A Threat of Civil War ( Jos 22, 1–34 )
The Israelites whose territory was east of the Jordan River had joined in the battle to take control of the area west of the river. Since that battle was completed successfully, Joshua allowed them to return to their homes (vv. 1–8 ). This is a prelude to a conflict between the Israelites east of the river and those on the west (vv. 9–34 ). The tribes from the east side of the river built an altar near the Jordan, and this offended the Israelites from the west. War was averted because Phineas, Eleazar's son, succeeded in negotiating peace between the two groups. The precise nature of the offense is not obvious, though it may reflect the Deuteronomic belief that there was to be only one place where sacrifices were to be offered. Apparently, the book of Joshua assumed that this place was Shiloh. When the easterners explained that they did not intend to offer sacrifices on the altar they built (v. 26 ), this defused the problem. The tribes from the west of the Jordan were satisfied that those from the east side meant no offense and were not repudiating the Lord. Joshua had no role in this story; it was a priest who brought about a happy ending to what could have been a great disaster. Again, this presages the leadership role that priests assumed in Israel's life following the end of the monarchy.
The final testament of such an important person as Joshua was highly significant. The storyteller creates a speech for his hero that could have come right out of the book of Deuteronomy. Israel's continued presence in the land depends on its adherence to “all that is written in the book of the law of Moses… ( 23, 6 ). Joshua reminds Israel to love God ( 23, 11 ), the Torah's greatest command. But then Joshua issues a warning that any failure on Israel's part to remain completely and exclusively loyal to God will have the gravest of consequences ( 23, 15–16 ). While the land is a gift from God to Israel, the gift can be revoked. Of course, this is a theological conclusion that came from Israel's experience. By the time the book of Joshua took the form that it now has, Israel did “perish from the good land” that it had received from God ( 23, 16 ). Israel's faith in God's fidelity, however, led to the hope that a new dedication to the Torah and a renewed commitment to the covenant will bring a reversal of the misfortune that Israel brought on itself. The book then describes an elaborate ceremony in which Israel of Joshua's day renews its commitment to God and the Torah ( 24, 1–28 ). Clearly this final chapter is a model for Israel of the sixth century BC, which has experienced the full consequences of its infidelity. But a renewal is possible if the people and their leaders remember how God has been faithful to fulfill the promises made to Abraham, Isaac, and Jacob. Like the ancestors in the days of Joshua, Israel must again commit itself to serve and obey God alone.
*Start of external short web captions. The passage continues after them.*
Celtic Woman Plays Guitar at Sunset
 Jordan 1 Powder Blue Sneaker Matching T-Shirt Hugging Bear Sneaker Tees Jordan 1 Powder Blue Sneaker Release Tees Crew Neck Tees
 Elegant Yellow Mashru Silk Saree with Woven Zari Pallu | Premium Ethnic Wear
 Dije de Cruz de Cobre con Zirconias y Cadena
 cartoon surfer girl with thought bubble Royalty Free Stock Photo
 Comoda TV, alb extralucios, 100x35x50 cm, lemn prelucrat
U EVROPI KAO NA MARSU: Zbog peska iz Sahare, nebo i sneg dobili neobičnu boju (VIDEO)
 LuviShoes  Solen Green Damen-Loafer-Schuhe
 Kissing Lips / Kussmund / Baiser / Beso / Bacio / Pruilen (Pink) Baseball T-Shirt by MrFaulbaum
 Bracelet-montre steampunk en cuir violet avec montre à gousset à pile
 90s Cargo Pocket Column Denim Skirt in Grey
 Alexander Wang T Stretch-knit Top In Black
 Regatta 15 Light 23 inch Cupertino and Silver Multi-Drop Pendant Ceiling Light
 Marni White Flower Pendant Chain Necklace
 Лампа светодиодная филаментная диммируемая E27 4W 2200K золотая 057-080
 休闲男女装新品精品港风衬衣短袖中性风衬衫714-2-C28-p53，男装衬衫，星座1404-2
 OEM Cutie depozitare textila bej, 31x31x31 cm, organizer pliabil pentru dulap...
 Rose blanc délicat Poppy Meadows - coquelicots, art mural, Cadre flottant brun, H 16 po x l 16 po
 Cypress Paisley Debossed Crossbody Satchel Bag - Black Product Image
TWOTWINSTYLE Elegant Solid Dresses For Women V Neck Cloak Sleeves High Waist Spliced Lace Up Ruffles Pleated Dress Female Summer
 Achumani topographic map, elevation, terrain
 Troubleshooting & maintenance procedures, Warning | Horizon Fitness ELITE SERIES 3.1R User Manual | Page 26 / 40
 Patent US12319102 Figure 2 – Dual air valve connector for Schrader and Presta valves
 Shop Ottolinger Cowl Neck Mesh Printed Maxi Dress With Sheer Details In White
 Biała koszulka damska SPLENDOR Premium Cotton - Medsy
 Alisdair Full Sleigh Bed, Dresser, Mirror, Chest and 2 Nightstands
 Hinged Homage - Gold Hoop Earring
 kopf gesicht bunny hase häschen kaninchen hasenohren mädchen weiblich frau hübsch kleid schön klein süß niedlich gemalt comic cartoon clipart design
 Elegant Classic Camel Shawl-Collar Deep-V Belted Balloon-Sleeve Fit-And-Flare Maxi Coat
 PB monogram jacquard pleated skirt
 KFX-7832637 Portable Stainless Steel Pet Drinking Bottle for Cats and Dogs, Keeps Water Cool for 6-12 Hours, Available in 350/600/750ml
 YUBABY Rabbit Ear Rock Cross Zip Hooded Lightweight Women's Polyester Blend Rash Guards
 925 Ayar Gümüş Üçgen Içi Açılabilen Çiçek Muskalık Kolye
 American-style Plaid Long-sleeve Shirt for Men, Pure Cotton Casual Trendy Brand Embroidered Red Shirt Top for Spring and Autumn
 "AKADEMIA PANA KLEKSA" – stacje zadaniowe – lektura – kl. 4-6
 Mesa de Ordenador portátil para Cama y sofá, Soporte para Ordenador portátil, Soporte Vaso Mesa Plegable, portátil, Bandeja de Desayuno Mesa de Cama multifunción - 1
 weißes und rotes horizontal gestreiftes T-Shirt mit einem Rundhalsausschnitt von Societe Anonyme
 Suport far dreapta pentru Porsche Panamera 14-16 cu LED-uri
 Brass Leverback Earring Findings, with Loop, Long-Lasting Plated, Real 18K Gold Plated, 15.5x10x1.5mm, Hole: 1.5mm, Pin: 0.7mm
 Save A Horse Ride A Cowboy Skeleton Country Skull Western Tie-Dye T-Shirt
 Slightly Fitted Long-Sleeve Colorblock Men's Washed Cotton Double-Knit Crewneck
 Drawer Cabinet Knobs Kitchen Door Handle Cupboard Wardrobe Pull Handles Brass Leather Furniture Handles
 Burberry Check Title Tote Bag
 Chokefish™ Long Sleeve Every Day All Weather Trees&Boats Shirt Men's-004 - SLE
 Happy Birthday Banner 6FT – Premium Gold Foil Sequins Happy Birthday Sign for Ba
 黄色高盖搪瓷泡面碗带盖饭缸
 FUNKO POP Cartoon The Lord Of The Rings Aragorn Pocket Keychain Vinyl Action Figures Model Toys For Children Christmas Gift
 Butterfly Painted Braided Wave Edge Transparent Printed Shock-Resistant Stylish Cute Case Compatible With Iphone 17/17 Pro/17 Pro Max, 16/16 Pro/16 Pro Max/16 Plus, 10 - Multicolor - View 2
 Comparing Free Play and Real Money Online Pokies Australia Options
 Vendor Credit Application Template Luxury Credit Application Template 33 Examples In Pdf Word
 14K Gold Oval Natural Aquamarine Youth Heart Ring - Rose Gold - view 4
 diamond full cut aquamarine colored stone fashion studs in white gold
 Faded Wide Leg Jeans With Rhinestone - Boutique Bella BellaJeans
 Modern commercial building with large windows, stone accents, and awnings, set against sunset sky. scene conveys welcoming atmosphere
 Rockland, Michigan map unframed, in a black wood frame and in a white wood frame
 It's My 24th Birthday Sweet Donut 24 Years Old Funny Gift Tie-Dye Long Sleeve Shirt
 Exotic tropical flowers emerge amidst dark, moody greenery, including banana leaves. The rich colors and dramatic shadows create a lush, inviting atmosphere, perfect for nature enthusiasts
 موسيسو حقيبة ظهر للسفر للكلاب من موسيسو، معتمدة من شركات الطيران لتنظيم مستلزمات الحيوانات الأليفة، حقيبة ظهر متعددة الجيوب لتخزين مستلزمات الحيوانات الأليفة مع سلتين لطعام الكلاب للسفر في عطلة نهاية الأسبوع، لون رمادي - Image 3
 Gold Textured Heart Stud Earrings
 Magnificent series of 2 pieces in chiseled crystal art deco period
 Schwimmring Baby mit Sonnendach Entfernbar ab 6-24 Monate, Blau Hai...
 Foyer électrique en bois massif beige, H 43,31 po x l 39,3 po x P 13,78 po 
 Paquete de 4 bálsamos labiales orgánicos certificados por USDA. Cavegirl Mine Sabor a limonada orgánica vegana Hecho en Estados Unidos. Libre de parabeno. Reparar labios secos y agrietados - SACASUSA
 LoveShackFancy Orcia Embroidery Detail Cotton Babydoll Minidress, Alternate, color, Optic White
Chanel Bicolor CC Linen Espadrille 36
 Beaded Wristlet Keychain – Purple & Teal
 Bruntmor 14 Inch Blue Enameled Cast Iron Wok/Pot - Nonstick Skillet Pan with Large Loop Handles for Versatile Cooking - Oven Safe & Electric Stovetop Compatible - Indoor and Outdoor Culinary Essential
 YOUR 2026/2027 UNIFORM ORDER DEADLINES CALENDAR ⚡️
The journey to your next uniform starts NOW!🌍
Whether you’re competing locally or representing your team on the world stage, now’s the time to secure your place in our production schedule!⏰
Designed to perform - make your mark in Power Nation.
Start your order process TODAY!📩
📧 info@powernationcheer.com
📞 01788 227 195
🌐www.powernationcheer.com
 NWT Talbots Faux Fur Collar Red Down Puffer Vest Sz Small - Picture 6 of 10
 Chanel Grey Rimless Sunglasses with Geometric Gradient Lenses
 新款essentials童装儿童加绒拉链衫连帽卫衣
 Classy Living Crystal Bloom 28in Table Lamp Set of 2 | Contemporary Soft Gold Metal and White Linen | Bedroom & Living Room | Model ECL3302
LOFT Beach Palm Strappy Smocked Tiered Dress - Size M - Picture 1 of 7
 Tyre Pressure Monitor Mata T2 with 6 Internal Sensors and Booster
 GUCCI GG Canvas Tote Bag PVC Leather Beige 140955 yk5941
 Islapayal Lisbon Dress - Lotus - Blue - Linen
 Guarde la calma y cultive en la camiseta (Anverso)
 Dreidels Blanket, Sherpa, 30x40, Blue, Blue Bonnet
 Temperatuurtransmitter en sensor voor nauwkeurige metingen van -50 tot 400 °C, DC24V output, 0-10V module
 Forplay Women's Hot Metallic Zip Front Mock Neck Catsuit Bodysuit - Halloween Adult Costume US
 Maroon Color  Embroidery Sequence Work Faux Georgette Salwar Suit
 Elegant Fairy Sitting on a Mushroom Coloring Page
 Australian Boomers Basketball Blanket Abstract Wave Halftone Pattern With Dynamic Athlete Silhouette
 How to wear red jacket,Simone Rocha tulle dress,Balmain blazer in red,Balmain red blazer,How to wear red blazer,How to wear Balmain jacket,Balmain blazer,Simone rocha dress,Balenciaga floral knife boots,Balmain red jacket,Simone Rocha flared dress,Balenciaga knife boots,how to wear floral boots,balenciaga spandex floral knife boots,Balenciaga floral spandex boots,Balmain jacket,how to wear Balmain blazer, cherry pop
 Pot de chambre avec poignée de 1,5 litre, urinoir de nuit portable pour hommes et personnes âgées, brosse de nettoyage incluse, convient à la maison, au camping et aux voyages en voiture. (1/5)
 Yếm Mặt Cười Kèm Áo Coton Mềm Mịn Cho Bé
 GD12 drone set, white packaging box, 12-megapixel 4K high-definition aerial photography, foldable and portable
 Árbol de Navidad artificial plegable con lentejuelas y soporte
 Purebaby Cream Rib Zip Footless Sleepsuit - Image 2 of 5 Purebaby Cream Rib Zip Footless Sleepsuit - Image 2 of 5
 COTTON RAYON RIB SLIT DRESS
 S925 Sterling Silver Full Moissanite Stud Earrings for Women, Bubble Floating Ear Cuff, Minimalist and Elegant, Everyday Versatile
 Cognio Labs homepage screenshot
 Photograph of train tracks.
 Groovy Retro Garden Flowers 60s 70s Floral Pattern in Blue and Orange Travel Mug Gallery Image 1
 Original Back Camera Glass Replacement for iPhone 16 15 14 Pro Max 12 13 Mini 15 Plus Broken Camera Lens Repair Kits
The burial notices with which the book ends ( 24, 29–30 .32–33) are significant because of the prominence given to Eleazar, the priest. This is very likely another indication of the leadership role assumed by priests after the fall of the Israelite monarchy. Verse 31 is the verdict on the era of Joshua: it was an era marked by obedience and loyalty. That is the reason Israel came to possess the land: obedience brings God's blessing.